• Dataset entries
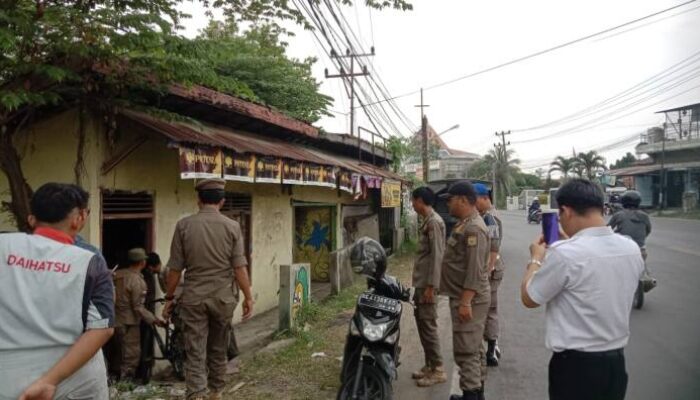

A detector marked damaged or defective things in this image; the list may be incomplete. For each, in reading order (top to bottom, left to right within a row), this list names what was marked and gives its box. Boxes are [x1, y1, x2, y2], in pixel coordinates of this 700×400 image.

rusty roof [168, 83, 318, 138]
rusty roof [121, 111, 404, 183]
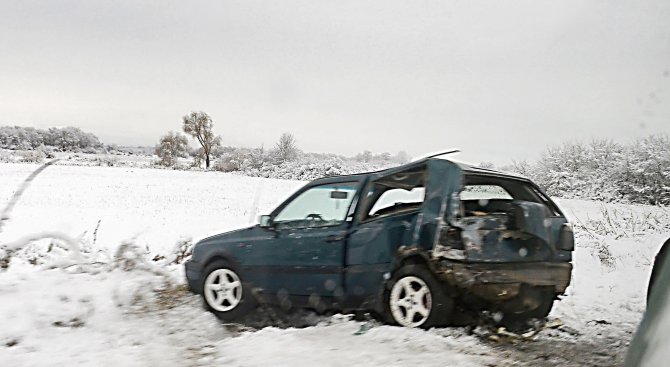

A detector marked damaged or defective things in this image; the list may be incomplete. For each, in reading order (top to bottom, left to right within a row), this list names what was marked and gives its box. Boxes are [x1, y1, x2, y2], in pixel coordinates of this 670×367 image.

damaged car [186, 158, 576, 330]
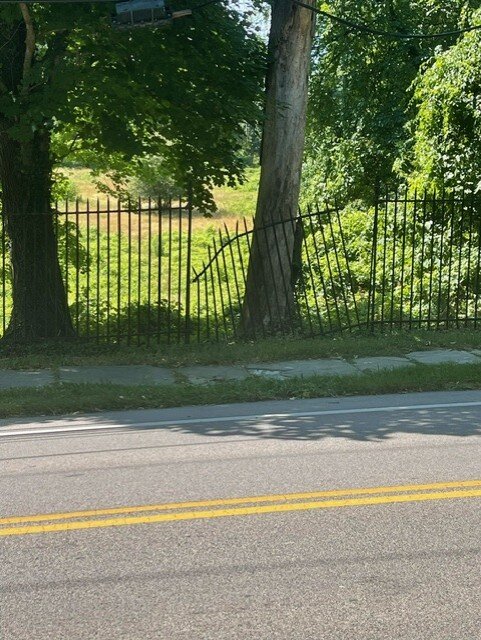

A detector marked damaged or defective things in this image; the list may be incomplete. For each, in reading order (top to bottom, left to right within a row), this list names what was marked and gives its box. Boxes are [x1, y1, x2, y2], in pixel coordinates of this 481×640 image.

• Task goal
Emit an exact copy of the lines from the line bearing "this 670×367 image." through the last line above, inclusive, and leave the images out.

• Response
A detector marked damaged or defective things in this image; the list may be incomplete. For each, in reading order (top to bottom, left to right within a row), this list names what was marked and gives its box. Boxes are [x1, y1, x2, y2], in pixel coordinates of this 670×367 image.

damaged car [186, 158, 576, 330]

A detector marked damaged or defective things in this image; the list may be incomplete. For each, in reading order (top to bottom, left to right within a row), this list names what was marked and gives its box. Boxes are [x1, y1, x2, y2], in pixel coordinates of this 481×640 image.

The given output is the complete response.